A lean year for the city: Employee raises not likely in Raymondville

RAYMONDVILLE — This year, the city’s budget was lean. But next year’s will be even leaner.

City Manager Eleazar Garcia has proposed a $3.79 million general fund budget with $1 million in cash reserves, 18 months after the closure of the 3,000-bed Willacy County Correctional Center slashed about $600,000 in water and sewer revenue.

Then last January, Walmart shut down its Supercenter here, cutting into the city’s sales tax revenue while laying off 149 employees.

“Everything’s pretty good considering the problems we’ve had as a city and county,” Mayor Gilbert Gonzales said yesterday. “We’re going to survive this and move forward.”

The proposed budget’s so tight employees likely won’t get raises this year, Gonzales said.

It would be the second straight year employees would go without raises.

“I was hoping we could but I don’t believe so,” Gonzales said of employee raises. “If we do, we’re going to be laying off people and that’s something I don’t want to do.
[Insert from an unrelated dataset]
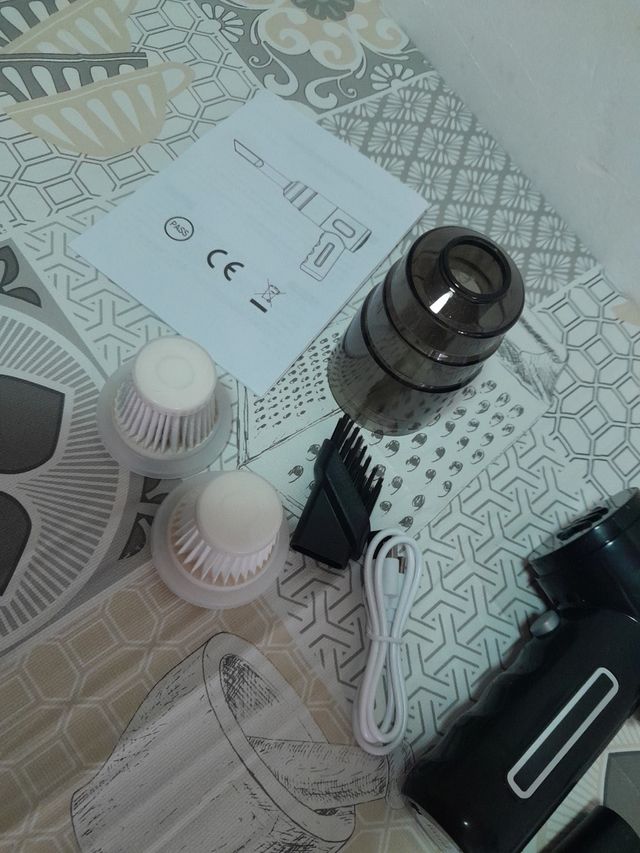 Aspirapolvere piccolo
That’s my concern — to see what we can do without laying off anyone.”

Garcia cut about $113,000 from the current $3.9 million budget to come up with the proposed general fund budget.

“It’s just a hair leaner than last year’s,” Gonzales said. “We’re still tweaking it here and there.”
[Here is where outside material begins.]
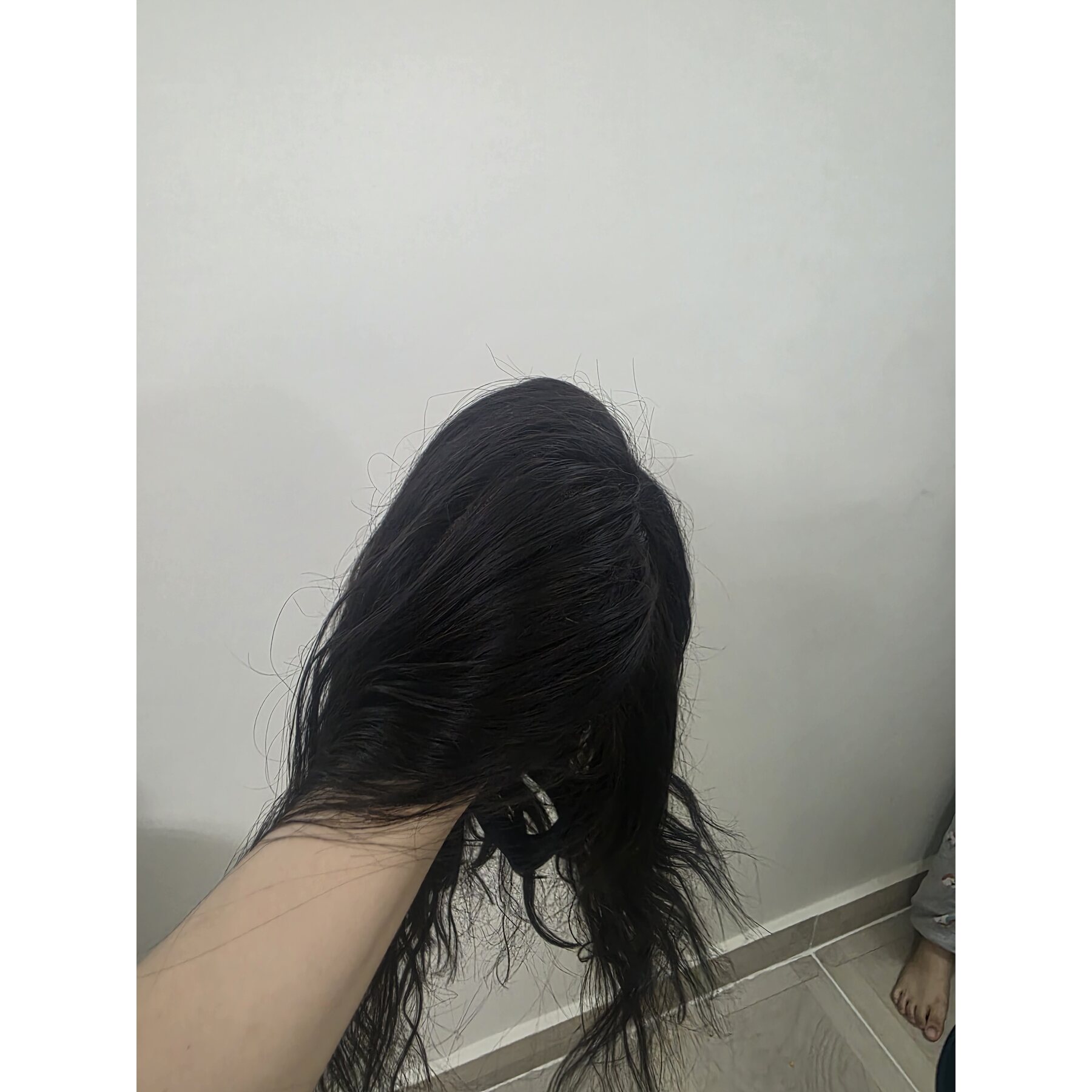 باروكة شعر طبيعي لونها دارك برون تتفتح للبلوند ومتاح فيها زيادة  طول اشترتها من شهر واحد من براند دينا عزت  جميلة جدا في اللبس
Garcia said the deepest cuts came in the areas of equipment, repairs and maintenance.

The loss of Walmart’s revenue cut about $42,000, or 3 percent, from the city’s $1.4 million sales tax collection, Garcia said.

Garcia said the city won’t raise taxes.

The property tax rate of 66 cents per $100 valuation is projected to generate $166 million, up from $165.8 million this year.
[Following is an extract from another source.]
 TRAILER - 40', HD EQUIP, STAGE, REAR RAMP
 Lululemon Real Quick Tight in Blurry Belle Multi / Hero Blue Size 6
For the second year in a row, the city’s held off on funding a street repair program.

But a $200,000 grant from the Federal Emergency Management Agency will help the city repair streets damaged in last October’s flooding, Garcia said.

Tax Rate

At the current tax rate of 0.6656 per $100 of valuation, a home with an appraised value of $75,000 would pay $499.20 in property taxes.

At the effective tax rate of 0.6671, the same home would pay $500.32 in property taxes.